## [Data segment]
Start of Block
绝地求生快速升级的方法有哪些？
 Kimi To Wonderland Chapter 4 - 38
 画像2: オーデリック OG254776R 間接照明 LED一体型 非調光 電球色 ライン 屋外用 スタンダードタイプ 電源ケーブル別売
End of Block
## [Goal of the exercise]
Retype the data shown above so that each line matches the original.

## [Solved problem]
绝地求生快速升级的方法有哪些？
 Kimi To Wonderland Chapter 4 - 38
 画像2: オーデリック OG254776R 間接照明 LED一体型 非調光 電球色 ライン 屋外用 スタンダードタイプ 電源ケーブル別売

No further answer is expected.